First, much of what he says is fine. One of the things I’ve tried to do is to discourage people from leaning too hard on the benefits of the civilisation (such as it is.) The call of Jesus Christ is too high to do so, either in times of prosperity or certainly in times of trouble like we’re in now. In this country the worst thing we do is wrap our Christianity around “moving up,” and I’ve decried this for a long time. It may produce big numbers but it isn’t prepared for what we’re facing now.
My real issue is his context, and that may seem abstract, but it’s not. He’s come up with another prophecy from Fr. Scanlan and that brings up two important questions, one for the time it came out and one for now.
In the traditional Roman Catholicism Martin professes to live in, the prophetic gift didn’t (and doesn’t) work in the way that Scanlan exercised it. The Church has generally taught that the Holy Spirit acts through the church as a whole. The way he exercised it is more in line with what we’ve seen in modern Pentecost. So how can he fit the two together? Or better, how did Ralph Martin, like Scanlan, get to #straightouttairondale?
The fact is that many of us at the time, when confronted with this radical call, couldn’t figure out how to respond to that meaningfully in the parish system then and now. So we left. Given the current state of things, the only way to do this is to go for a “church within a church.” That was what the Sword of the Spirit was all about, and it wasn’t all that Catholic. (It had other problems, too.) That’s also what SSPX is about, and they’re having problems.
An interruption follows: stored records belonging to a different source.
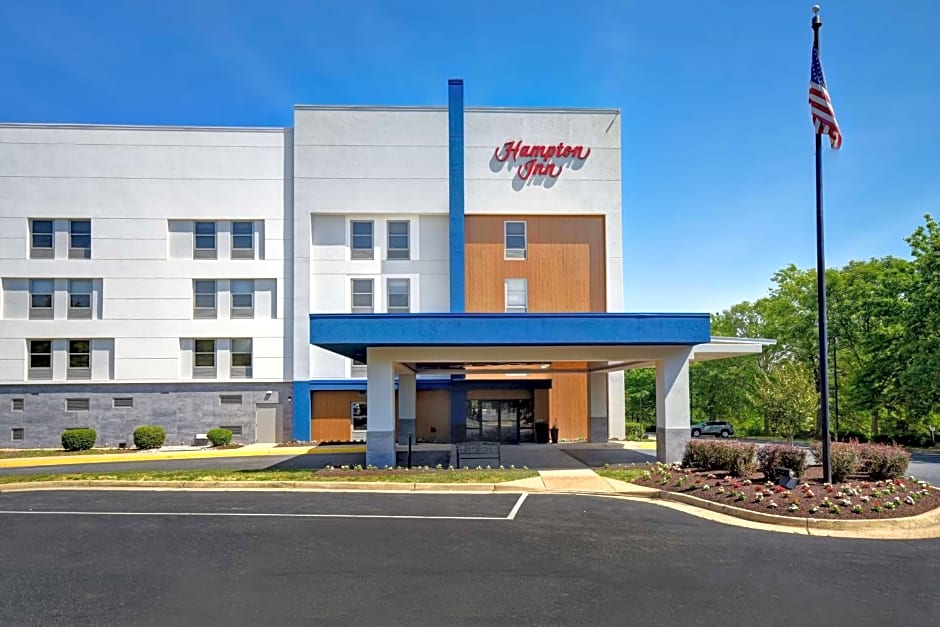 Hampton Inn By Hilton Potomac Mills/Woodbridge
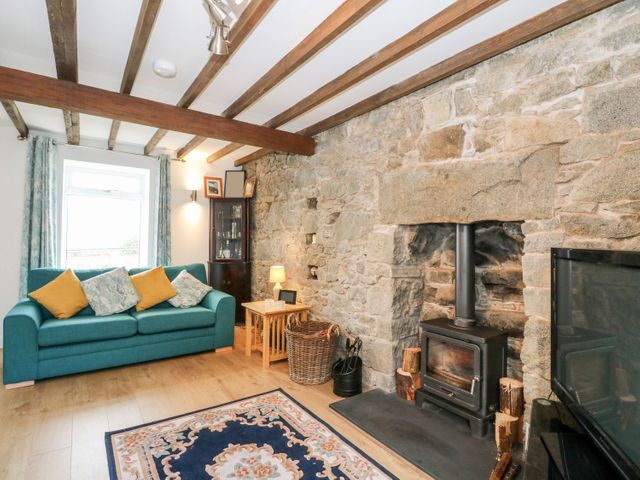Sea Otter Cottage - 1018710 - photo 4
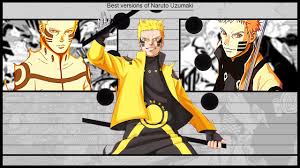 Hey everyone, first of all, !please read the disclaimer above the download link! Best Versions Of Naruto Uzumaki Ninja World Youtube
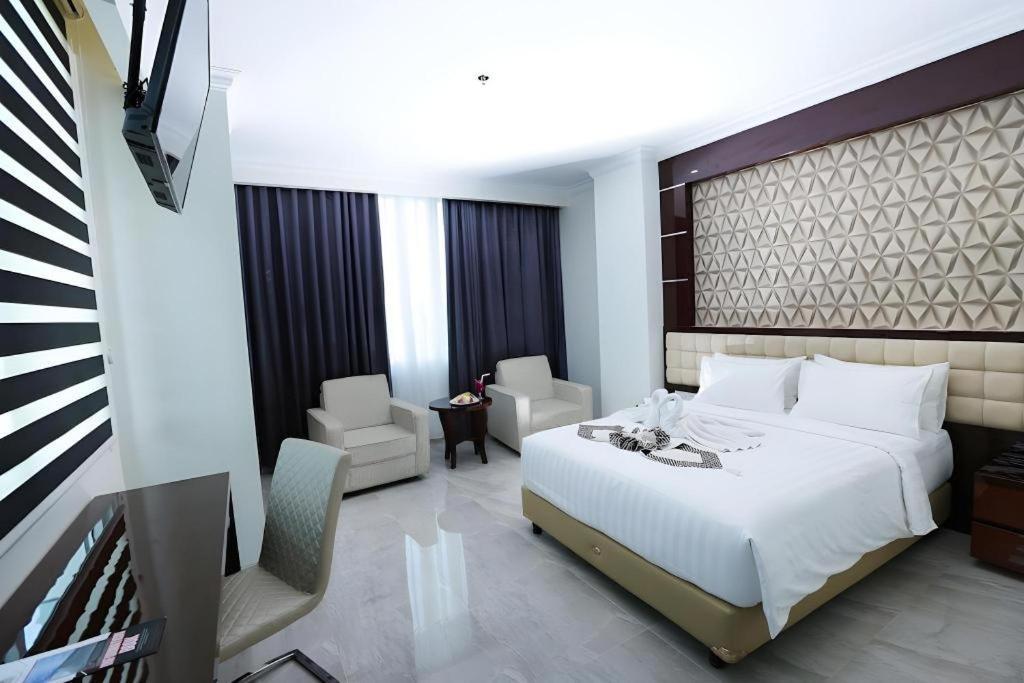 Sindoro Hotel Cilacap By Conary Luaran gambar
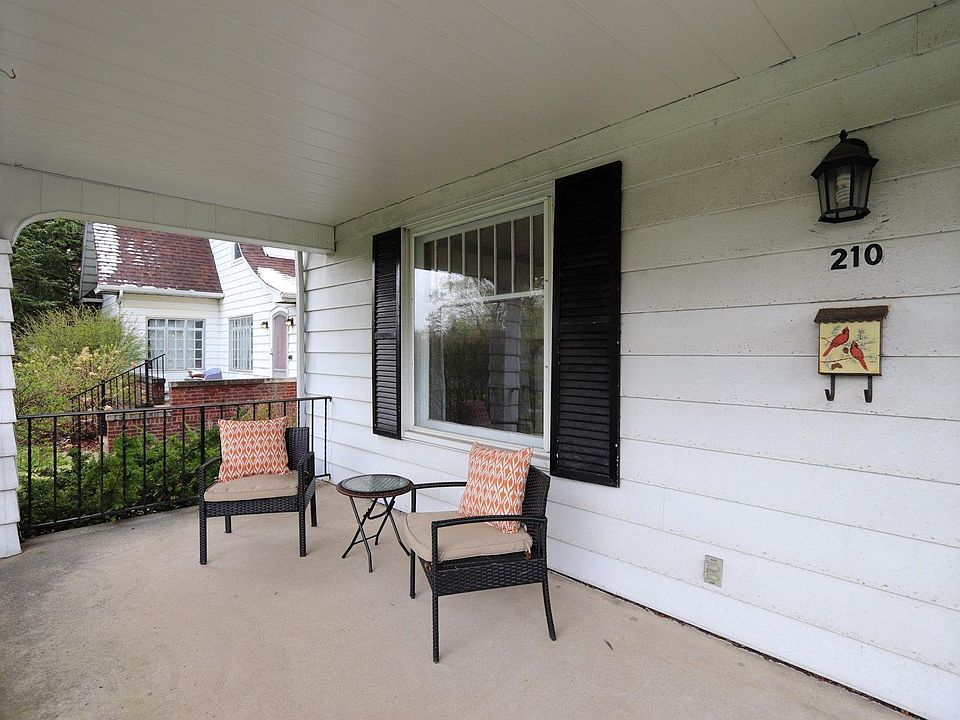 210 E Angela Blvd, South Bend, IN 46617 Zillow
The Trads are trying to do the same, and they’re not getting the cooperation from the Church they think they should. It’s great to set forth a radical call to the Gospel, but how do we get there? We couldn’t figure it out forty years ago, why should we think you can?
There’s no doubt that we’re facing bad times. There’s also no doubt that the Catholic Church at large in this country is unprepared for them or unprepared to defend its flock. Do we need two layers of problems when it’s hard enough to deal with one?
But I guess these are the problems that result when you’re better at making unlikely transitions within the Church rather than facing the problems the way they are.